Isso nos leva a um terceiro possível perdedor com a decisão: a ciência do direito. Isso porque o TCF, ao não desenvolver esses critérios casuísticos — ou até dogmáticos — rejeita explorar conexões interpretativas profícuas entre o direito financeiro e o direito ambiental constitucional (inclusive como objetivo constitucional, nos termos do artigo 20a da Lei Fundamental), que tende a ser crescentemente mais tematizado em ações constitucionais. Mas sobretudo: a ciência do direito perde especialmente com a negação do TCF a uma abordagem funcional-democrática, por meio do qual o Tribunal não precisaria encobrir sua decisão em um tecnicismo constitucional, mas sim clarificar seus padrões de intensidade na apreciação da matéria constitucional concreta.


[1] Cf. MEYNS, Michael. Markus Söder bei Lanz: „Wir sind in einer Staatskrise“. Disponível em: <https://www.merkur.de/politik/kritik-talkrunde-markus-soeder-lanz-staatskrise-verschuldung-notlage-migration-kosten-haushalt-tv-92690344.html>. Acesso em: 04 dez. 2023.

[2] Cf. BVerfG, Urteil des Zweiten Senats vom 15. November 2023 – 2 BvF 1/22. Disponível em: <https://www.bverfg.de/e/fs20231115_2bvf000122.html>. Acesso em: 04 dez. 2023.

[3] Para maiores detalhes sobre a prática do TCF de tomada de decisões de declaração de inconstitucionalidade sem a pronúncia de nulidade: Cf. MENDES, Gilmar Ferreira. O Apelo ao Legislador – Appellentscheidung – na Práxis da Corte Constitucional Federal Alemã. R. Dir. Adm., Rio de Janeiro, 188, p. 36-63, abr./jun., 1992.

[4] Cf. KRANENPOHL, Uwe. „Angst vor dem Freunde“ oder ein „Problem der knappen Legitimation“? Bundesverfassungsgericht und Bundestag.
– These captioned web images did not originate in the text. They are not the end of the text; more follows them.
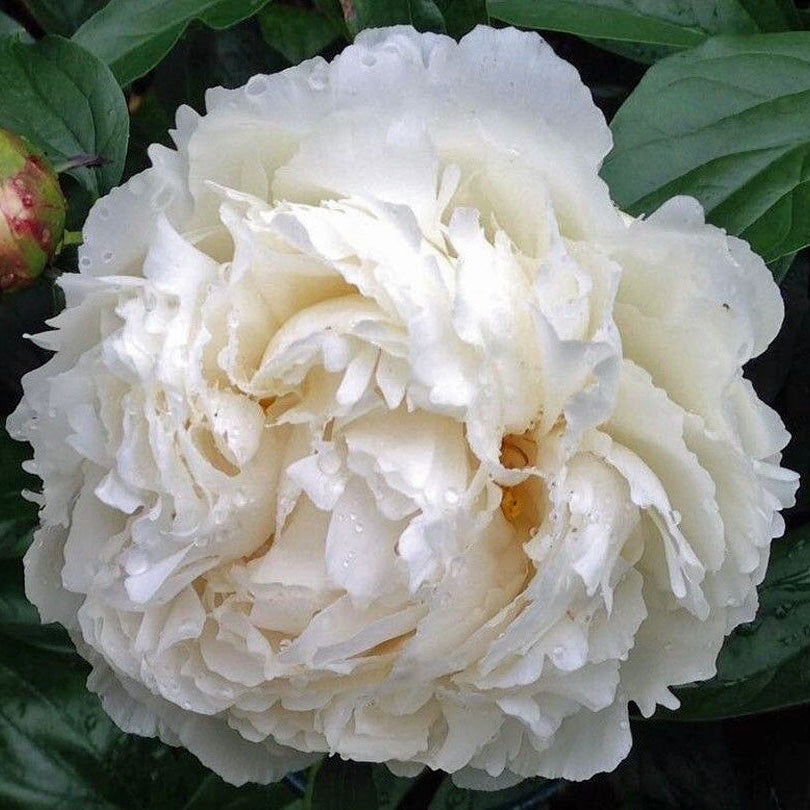 Peony Bowl Of Cream - Peony Bulbs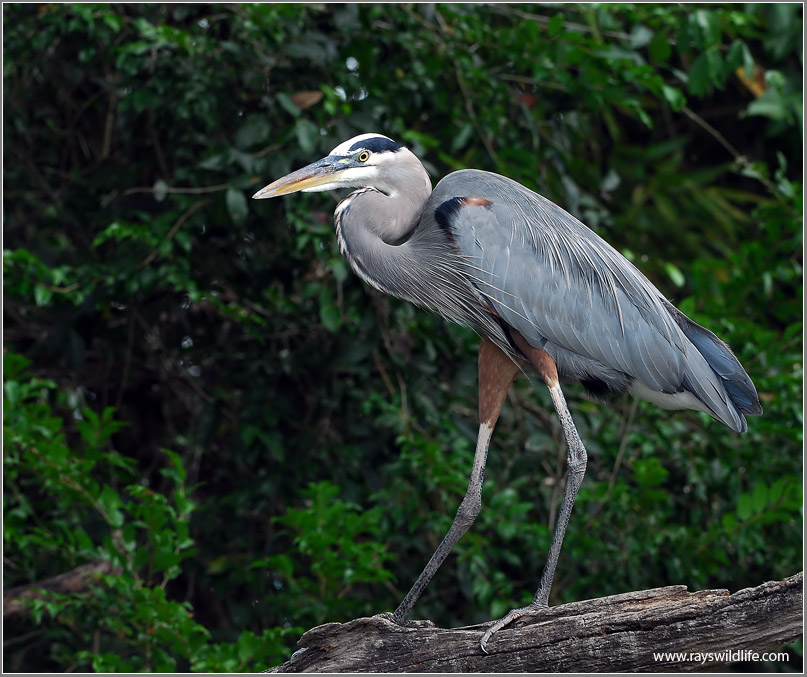 Great Blue Heron  49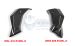 BMW R 1200 R, LC (2015-2018) Tapa del radiador de carbono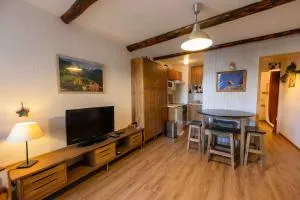 Charmant studio avec balcon - Le Sauze - Enchastrayes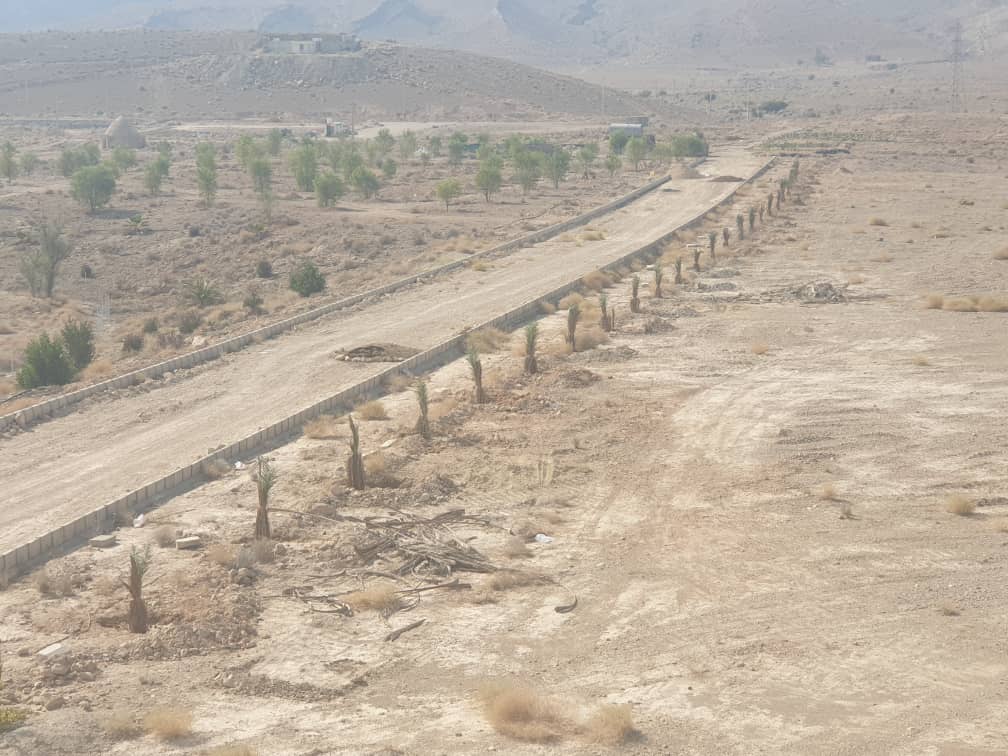 کاشت نخل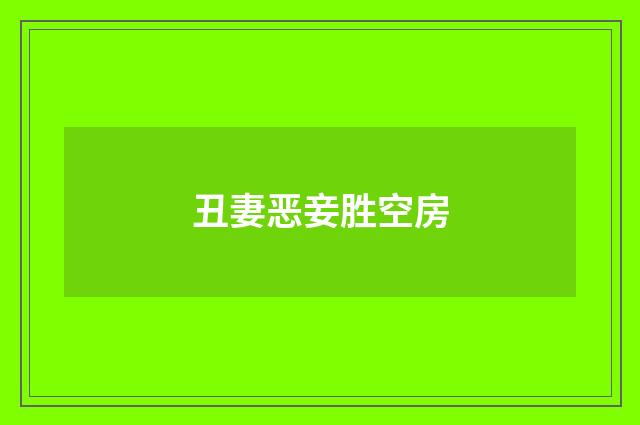 丑妻恶妾胜空房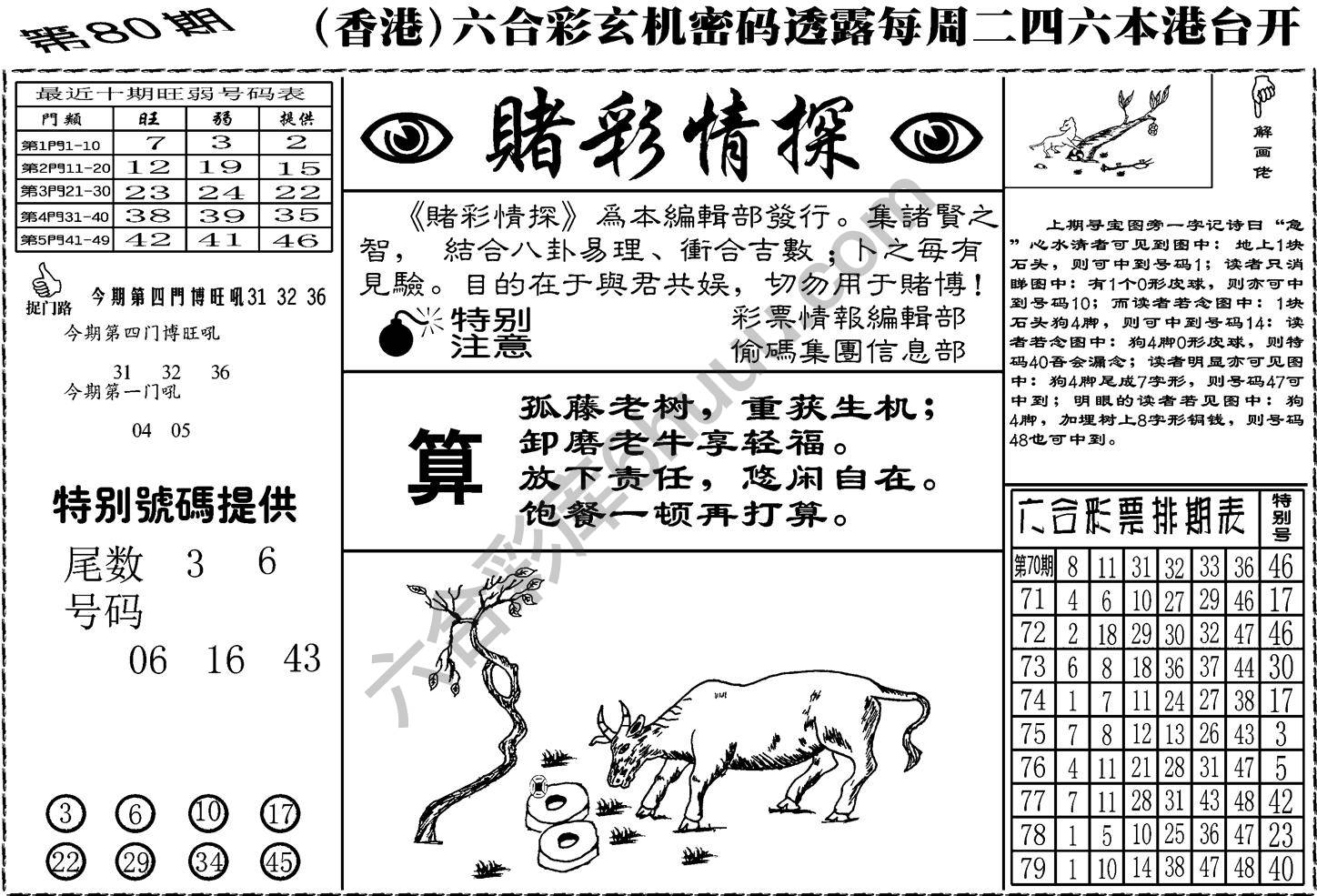 赌彩情探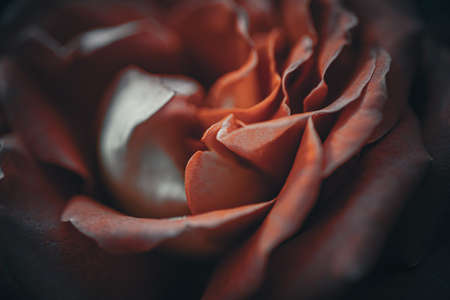 Background art- stylish still life flowers. Creative artwork used for printing on large format canvasの写真素材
In: Oberreuter, Heinrich (ed.). Macht und Ohnmacht der Parlamente. Baden-Baden: Nomos, 2013, p. 95-113, 96s.; e Bundesverfassungsgericht. Jahresstatistik 2020. Disponível em: <https://www.bundesverfassungsgericht.de/DE/Verfahren/Jahresstatistiken/2020/gb2020/Gesamtstatistik%202020.pdf?__blob=publicationFile&v=2>. Acesso em: 04 dez. 2023.

[5] Essa discussão já tem começado a ser travada no contexto dessa decisão: Cf. STARKE, Lennart. Eine verpasste Chance. Disponível em: <https://verfassungsblog.de/eine-verpasste-chance/>. Acesso em: 04 dez. 2023.

[6] Cf. BVerfGE 157, 30 – Klimabeschluss (2021).